> _WHAT TO WORK ON_:
An exact reproduction of the data below is the required answer.

> _DATA PROVIDED_:
[Start of section]

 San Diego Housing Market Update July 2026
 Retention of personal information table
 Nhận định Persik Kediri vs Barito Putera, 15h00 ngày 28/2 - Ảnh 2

[End of section]

> _ANSWER_:
 San Diego Housing Market Update July 2026
 Retention of personal information table
 Nhận định Persik Kediri vs Barito Putera, 15h00 ngày 28/2 - Ảnh 2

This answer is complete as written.